First-place factum win at Wilson Moot

  Posted on: March 14, 2018

TRU Law’s 2017-18 Wilson Moot Team: (L-R) Parvej Sidhu, Alessia D’Aversa, Stephanie Benedict, Arpan Parhar, and Esra Yacout.

A group of TRU Law students who recently participated in the Wilson Moot took top prize for their written argument.

On February 24 and 25, students Parvej Sidhu, Alessia D’Aversa, Stephanie Benedict, Arpan Parhar, and Esra Yacout traveled to Toronto to participate in the moot, which focuses on constitutional law and issues concerning women and minorities.

“The team performed excellently. And—this is the first time that TRU Law has placed at a national moot,” said TRU Law Assistant Professor Ryan Gauthier, who chairs the faculty’s moots committee.

The group was accompanied by their moot coach Lauren Wihak, an appellate litigator at McDougall Gauley, LLP in Regina, Saskatchewan. Wihak has coached the team for the last five years.

D’Aversa described the moot as challenging yet rewarding.

“It was one of the hardest things I have done during my post-secondary education, but it was thought-provoking, enhanced my skills both in writing and in oral advocacy, and most importantly, has better prepared me for a legal career,” she said.

The students received the Wilson Moot problem on November 13, and then had to submit a written factum by January 25. This year’s problem explored legal issues concerning equality rights and constitutional remedies. After submitting the written factum, the team prepared for oral argument.

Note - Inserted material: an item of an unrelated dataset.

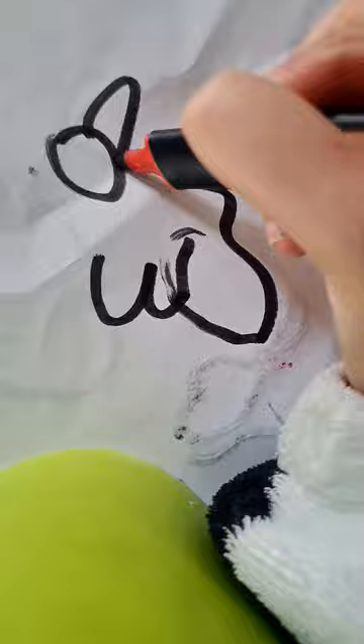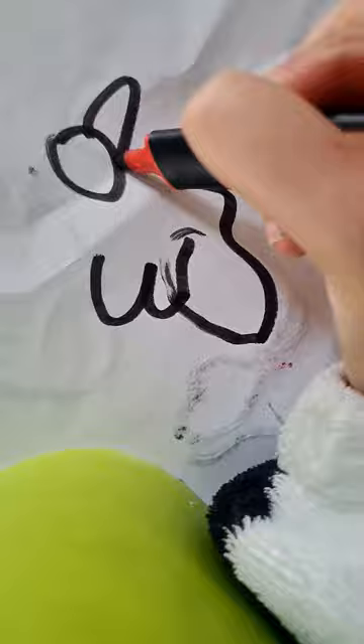Okay, now we need a head. A head. Wrong freaking way! What is that? It's not even a cat!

The experience, recalls D’Aversa, was a little nerve-wracking but worth it.

“Yes, there are some judges who are trying to throw you off, but more often than not, they are genuinely trying to understand your position,” she said.

The Wilson Moot team with Coach Lauren Wihak (third from left) and Peter Hogg (centre).

The team says one of their highlights was meeting Canadian constitutional law scholar Peter Hogg (at the opening day reception), and Chief Justice Wagner, the newly-appointed Chief Justice of the Supreme Court of Canada (who judged the final round), describing them as legal luminaries who were “kind, friendly, and awe-inspiring”.

For students considering the Wilson Moot, D’Aversa has some wise words.

“Even if constitutional law is not your forte, and even if you do not want to be a litigator, you develop skills that can’t be learned from sitting at a desk and reading a text book. If there is any reason to be on the Wilson Moot, it is to work with Lauren Wihak, who is brilliant. She became more than just a coach in the short time we worked with her. The experience is one you will not forget.”